Short text fragments from websites:
———

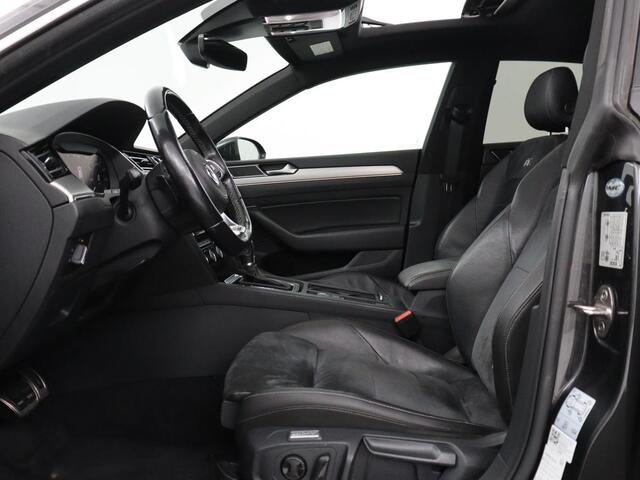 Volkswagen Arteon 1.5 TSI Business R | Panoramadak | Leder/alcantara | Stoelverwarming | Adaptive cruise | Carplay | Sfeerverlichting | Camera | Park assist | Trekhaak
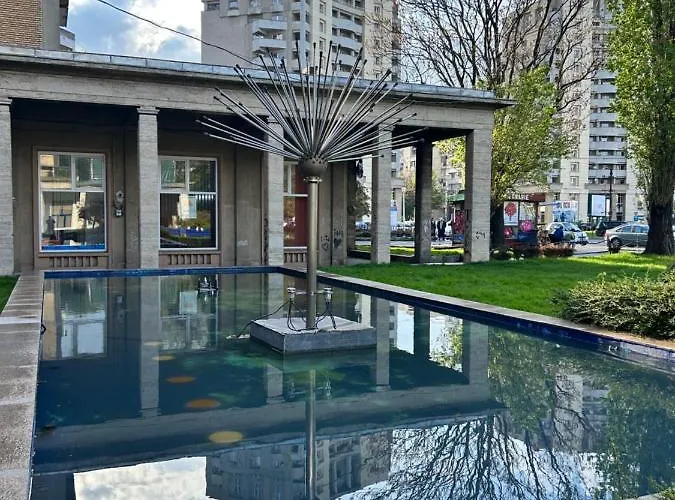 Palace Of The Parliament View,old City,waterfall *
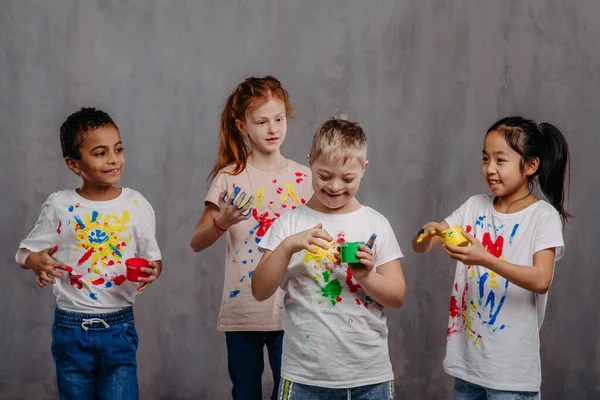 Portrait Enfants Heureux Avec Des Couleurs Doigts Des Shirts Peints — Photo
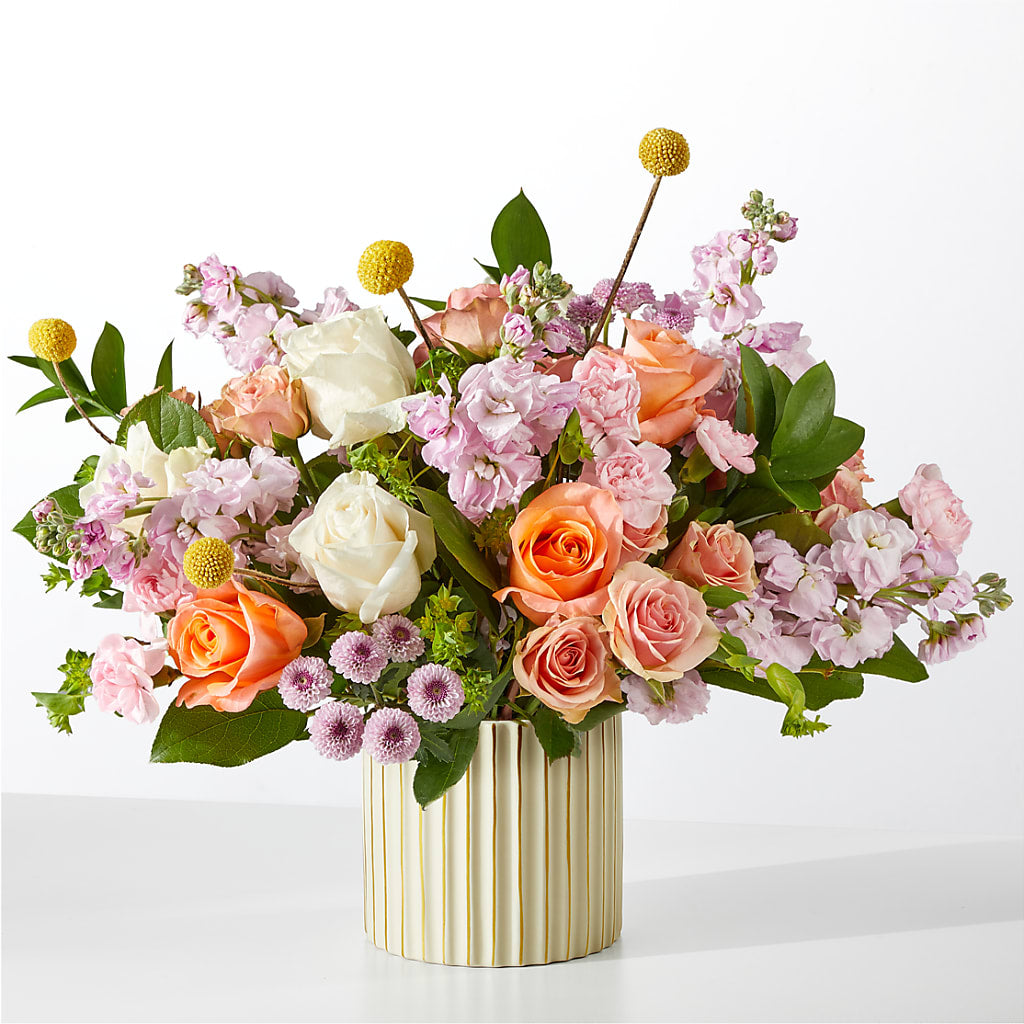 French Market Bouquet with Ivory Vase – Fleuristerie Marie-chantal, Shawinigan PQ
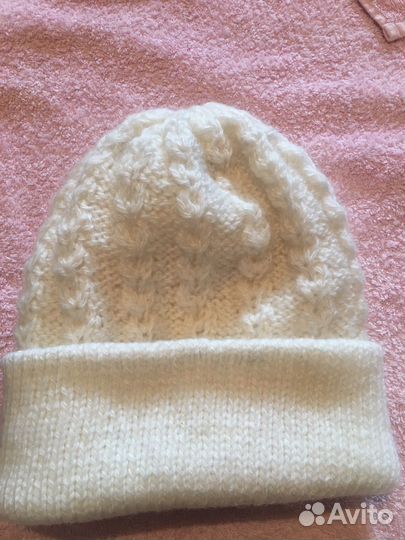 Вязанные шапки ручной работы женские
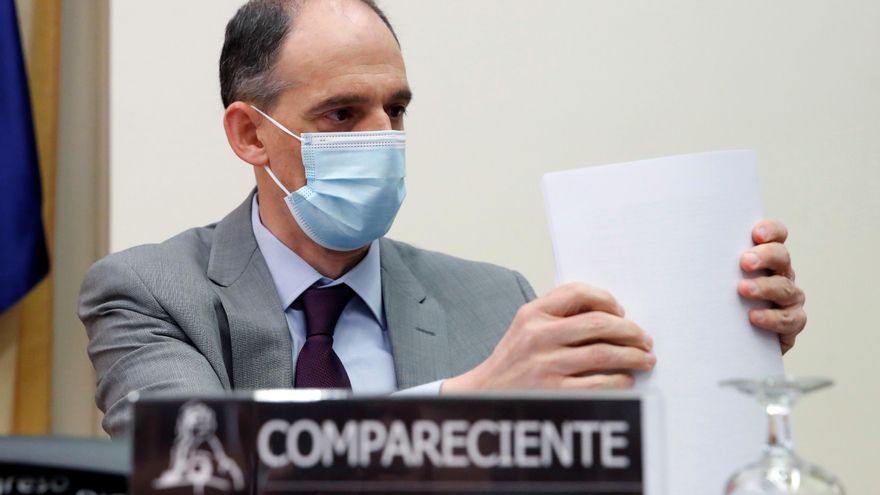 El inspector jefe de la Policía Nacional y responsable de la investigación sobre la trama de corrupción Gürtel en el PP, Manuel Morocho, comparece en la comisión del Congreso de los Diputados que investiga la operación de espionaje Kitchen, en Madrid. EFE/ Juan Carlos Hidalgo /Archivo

———

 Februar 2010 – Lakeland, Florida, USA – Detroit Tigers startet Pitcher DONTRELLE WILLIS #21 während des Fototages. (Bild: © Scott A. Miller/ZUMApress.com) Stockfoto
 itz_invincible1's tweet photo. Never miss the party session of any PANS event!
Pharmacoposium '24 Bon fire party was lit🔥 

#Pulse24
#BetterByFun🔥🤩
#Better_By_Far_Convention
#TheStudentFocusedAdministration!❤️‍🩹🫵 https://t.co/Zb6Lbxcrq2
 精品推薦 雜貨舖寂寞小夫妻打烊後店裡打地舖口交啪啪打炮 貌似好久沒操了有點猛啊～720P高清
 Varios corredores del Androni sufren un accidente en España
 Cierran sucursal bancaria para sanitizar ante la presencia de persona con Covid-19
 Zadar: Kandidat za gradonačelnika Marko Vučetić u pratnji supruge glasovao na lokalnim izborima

———

What is expected:
The expected answer is an exact copy of the lines above, beginning at the line with "#BetterByFun🔥🤩" and ending at the line with "Zadar: Kandidat za", with both ends in.

Answer section:
#BetterByFun🔥🤩
#Better_By_Far_Convention
#TheStudentFocusedAdministration!❤️‍🩹🫵 https://t.co/Zb6Lbxcrq2
 精品推薦 雜貨舖寂寞小夫妻打烊後店裡打地舖口交啪啪打炮 貌似好久沒操了有點猛啊～720P高清
 Varios corredores del Androni sufren un accidente en España
 Cierran sucursal bancaria para sanitizar ante la presencia de persona con Covid-19
 Zadar: Kandidat za gradonačelnika Marko Vučetić u pratnji supruge glasovao na lokalnim izborima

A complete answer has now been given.